What to do
Print only the lines below from the one with "Used 1965 Chevrolet" to the one with "EOS VANILLA CASHMERE BODY OIL - 177ml", both included, exactly as they stand. Leave pictures out.
── The data ──
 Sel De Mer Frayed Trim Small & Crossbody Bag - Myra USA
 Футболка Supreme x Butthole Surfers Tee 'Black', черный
───
── The data ──
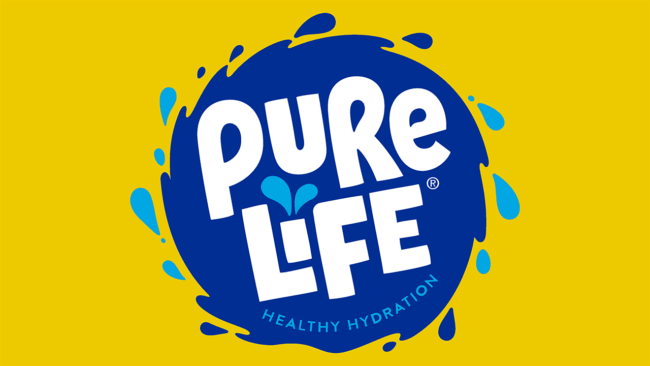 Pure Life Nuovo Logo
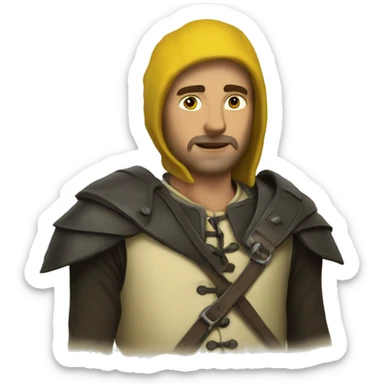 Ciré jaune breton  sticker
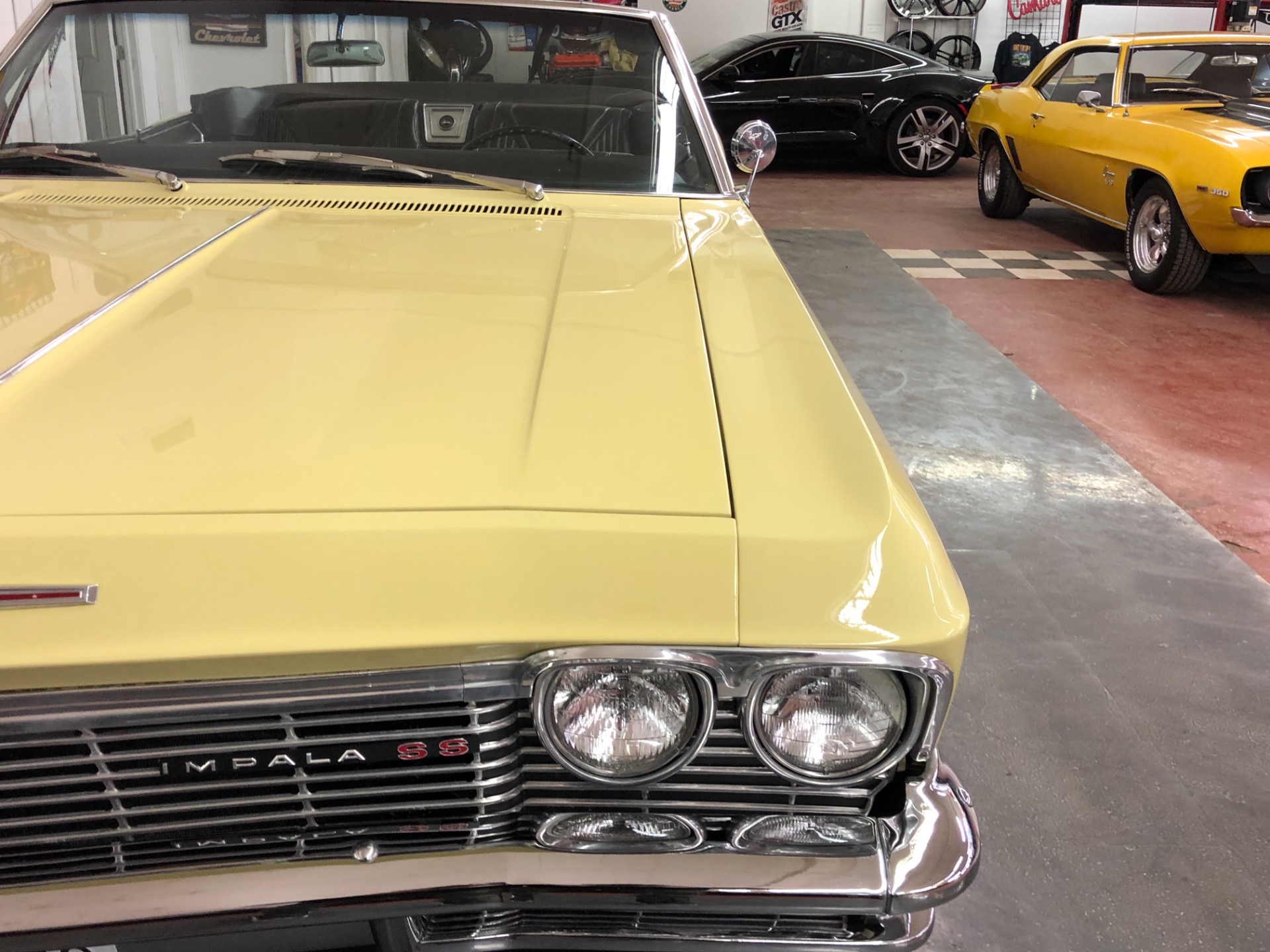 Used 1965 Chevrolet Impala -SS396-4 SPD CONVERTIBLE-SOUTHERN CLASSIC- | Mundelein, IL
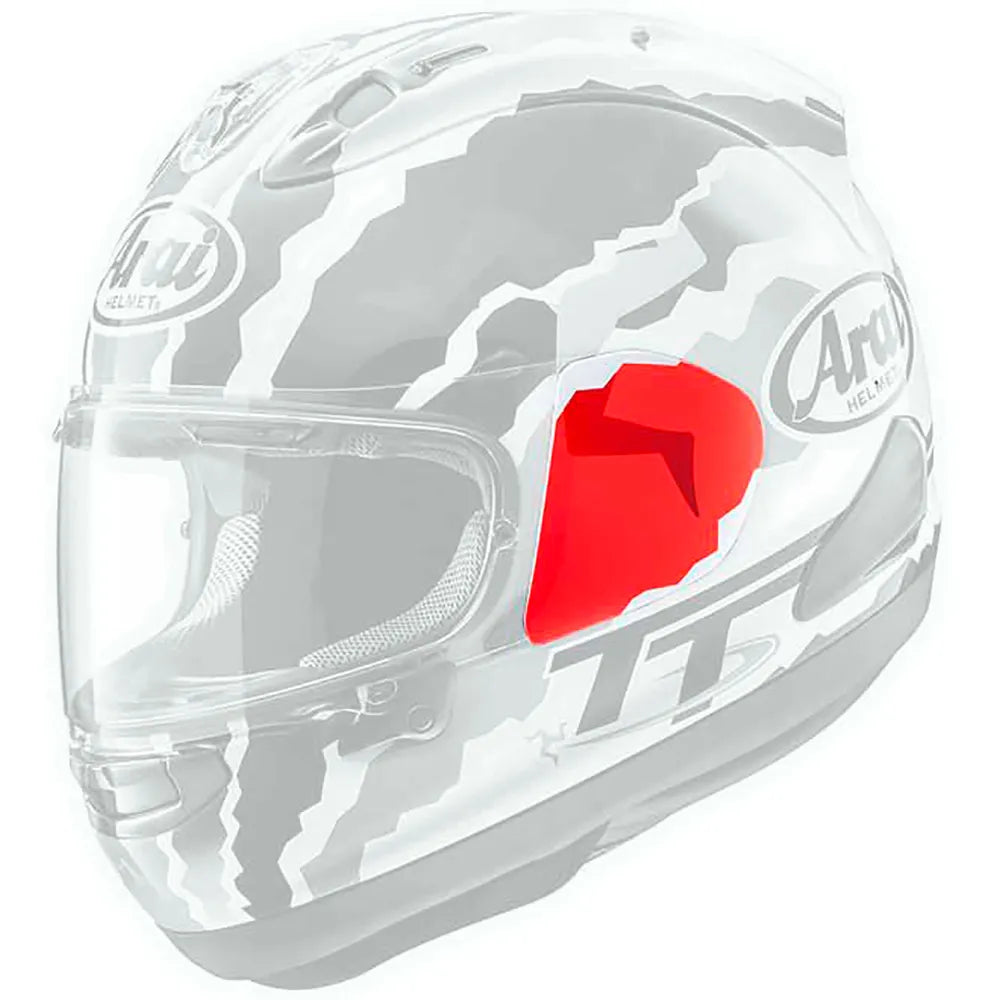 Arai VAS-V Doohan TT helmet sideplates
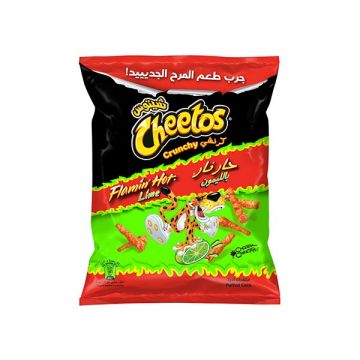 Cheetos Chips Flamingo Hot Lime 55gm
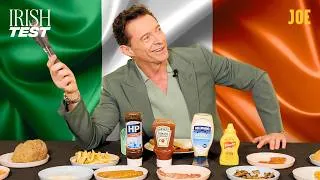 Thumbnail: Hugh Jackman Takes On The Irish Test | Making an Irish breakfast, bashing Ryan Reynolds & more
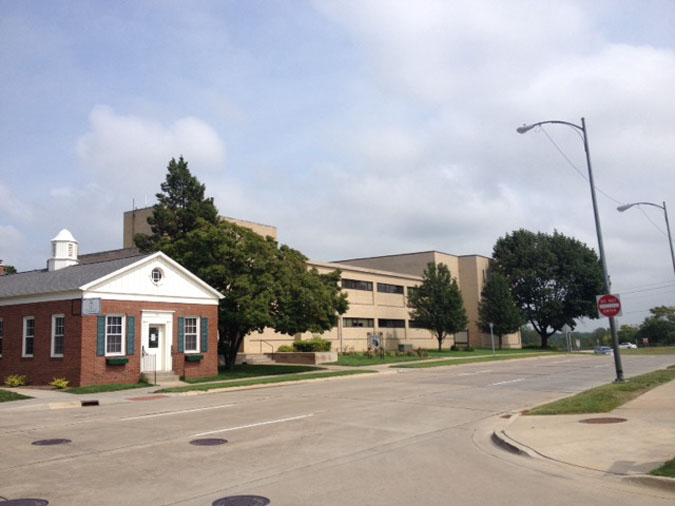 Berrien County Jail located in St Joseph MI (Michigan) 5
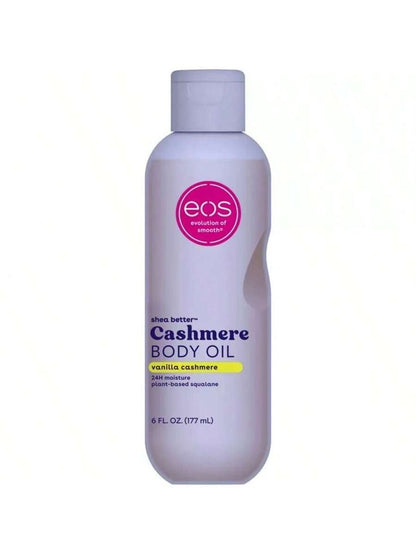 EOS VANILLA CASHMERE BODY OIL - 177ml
───
Response to the exercise
 Used 1965 Chevrolet Impala -SS396-4 SPD CONVERTIBLE-SOUTHERN CLASSIC- | Mundelein, IL
 Arai VAS-V Doohan TT helmet sideplates
 Cheetos Chips Flamingo Hot Lime 55gm
 Thumbnail: Hugh Jackman Takes On The Irish Test | Making an Irish breakfast, bashing Ryan Reynolds & more
 Berrien County Jail located in St Joseph MI (Michigan) 5
 EOS VANILLA CASHMERE BODY OIL - 177ml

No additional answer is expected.